Invested with award by King George 29 June 1945. This officer completed a tour of operational duty on Hudson aircraft. He has since taken part in many anti-submarine patrols. Early this year he was captain of an aircraft which delivered a telling attack on an enemy U-boat. This attack was pressed home in the face of extremely heavy anti-aircraft fire and in very bad weather. Since the above action Flight Lieutenant Camacho has continued to display great keenness and a fine fighting spirit.

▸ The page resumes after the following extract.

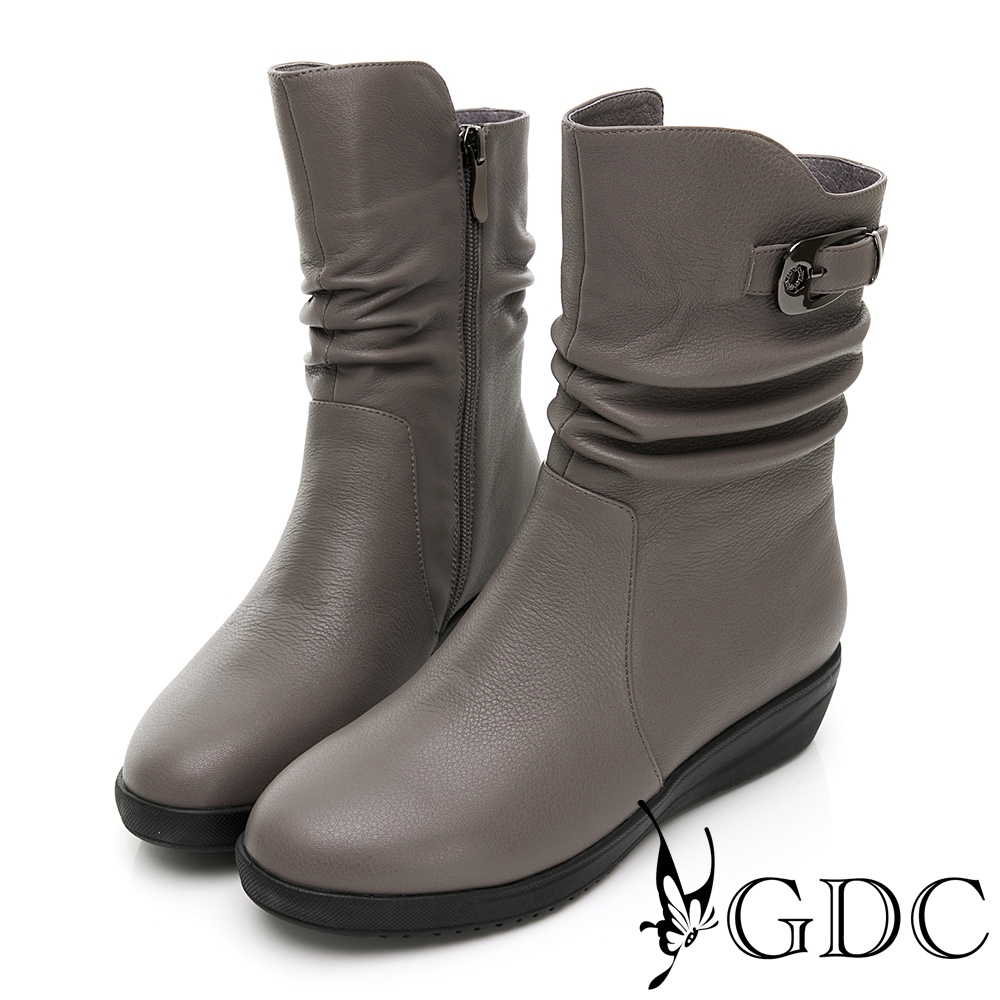 GDC-輕量舒適真皮抓皺釦環楔型秋冬中筒靴-灰色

NOTE: Public Records Office Air 2/9276 has original recommendation dated 17 July 1944 when he had flown 23 Very Long Range sorties (326 operational hours); he was reported as having flown 500 hours on his first tour ! This officer joined No.59 Squadron on the 12th November 1943, and has since completed 23 sorties. This is his second operational tour wit Coastal Command, having already competed a tour on Hudson aircraft prior to joining this unit. On the 27th May 1944, Flight Lieutenant Camacho was captain of aircraft “S” (No.59 Squadron) when a U-boat was sighted in an estimated position of 62∞ 37′ North, 00∞ 57′ East. The weather conditions at the time were extremely bad and the captain was forced to descend below 300 feet before breaking cloud and making his sighting, having previously obtained a radar contact. The captain, however, pressed home a very determined attack at low altitude in the face of extremely heavy flak. During the run in, the starboard engine was damaged by a cannon shell to such an extent that the aircraft returned to base on the remaining three engines. The attack was, however, well executed, and an analysis given by higher authority was “probably sunk”. Since the above action, Flight Lieutenant Camacho has continued to display great keenness and aggressiveness in carrying out his duties concerning U-boat warfare, and has been a fine example to junior and less experienced members of the squadron.